Zwischen Puppenspiel und Machtmissbrauch: Kleists „Krug“ in neuem Gewand
Bunt, kindlich und puppenhaft – Adjektive, die man nicht sofort mit Heinrich von Kleists Lustspiel „Der zerbrochne Krug“ aus dem Jahr 1811 in Verbindung bringen würde. Doch genau diese fassen die Eindrücke, welche die Kursstufen 1 und 2 des Lise-Meitner-Gymnasiums sammelten, als sie gemeinsam mit ihren Lehrerinnen Corinna Feuchter, Julia Liebing, Myriam Kossak, Marion van Os und Jasmin Waßer die Inszenierung der Badischen Landesbühne im Hangar Event Airport Crailsheim besuchten.
Im Drama „Der zerbrochne Krug“ geht es um einen Dorfrichter, der einen Prozess über einen zerbrochenen Krug leitet, obwohl er selbst der eigentliche Täter ist. Während der Gerichtsverhandlung verstrickt er sich zunehmend in widersprüchliche Lügen und versucht verzweifelt, die Wahrheit zu vertuschen. Obwohl seine Schuld am Ende aufgedeckt wird, bleibt er durch seine Flucht von einer Strafe verschont.
Bereits die Kulisse überraschte die Zuschauer: Tapeten teilten die Spielfläche in 3 Räume auf, welche jeweils unterschiedlich farbig gestaltet waren. Diese Farben und Muster spiegelten sich auch in der Kleidung der einzelnen Figuren wider. So war auffällig, dass der Schreiber Licht und Frau Brigitte, welche die Schlüsselrollen bei der Enthüllung der Wahrheit übernehmen, in grün bekleidet waren. Dies steht symbolisch für die Hoffnung auf die Wahrheit. Richter Adam hatte ein dunkleres grünes Hemd an, das wohl ein Hinweis dahingehend sein sollte, dass der Dorfrichter seine Aufgabe, nämlich die Aufklärung, nicht erfüllt.
Im Verlauf des Stückes und somit im Verlauf der Gerichtsverhandlung passte sich das Bühnenbild an den Inhalt der Handlung an und eröffnete auf diese Weise neue Blickwinkel für den Betrachter. So erschien in einem Fenster der Kulisse ein Auge kurz bevor und während Frau Brigitte ihre Sichtweise der Geschehnisse sowie das alles entscheidende Indiz präsentierte. Dies betont auch auch sehr stark Adams Charakter: Der Dorfrichter, der – anders als sein berühmter Gegenpol aus der Antike, Ödipus – sehend in die Verhandlung ging, hätte seine Schuld sofort zugeben können.
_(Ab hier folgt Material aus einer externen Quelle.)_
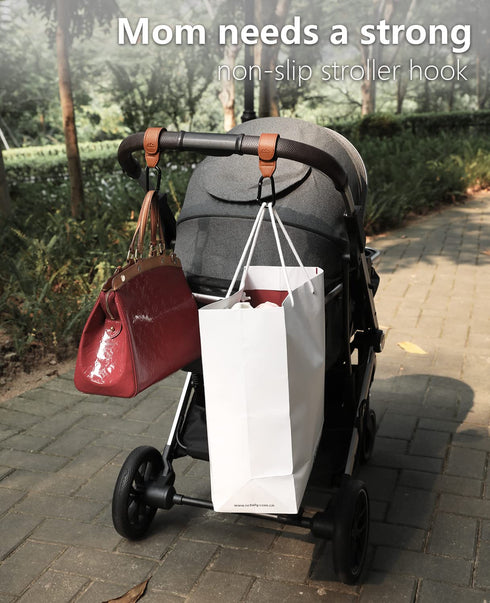 Stroller Hooks Bag Hooks for Hanging Diaper Bags Multipurpose Hooks for Grocery Shopping Bags Premium Vegan Leather Pram Straps Baby Stroller Hook...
Die Gestaltung der Figuren, die wie von Kinderhand angemalte, verunstaltete Puppen aussahen, war ein weiterer Aspekt, der ins Auge stach. Vor allem Eve, welche durch Adams sexuelle Belästigung Opfer der Tat ist, hatte ganz bunte Haare und schrecklich, grelle Schminke. Diese Misshandlung des Aussehens weist auf die Misshandlung Eves durch Adam hin. Zudem bewegten sich die Figuren puppenhaft – wirkten dadurch fremdgesteuert – und folgten den Bewegungen Adams, welcher die Kontrolle über fast jede Figur zu haben schien. Der Gerichtsrat Walter ist der einzige gewesen, welcher sich einigermaßen frei bewegen konnte, was aufzeigt, dass nur er frei von Adam und dessen Macht ist.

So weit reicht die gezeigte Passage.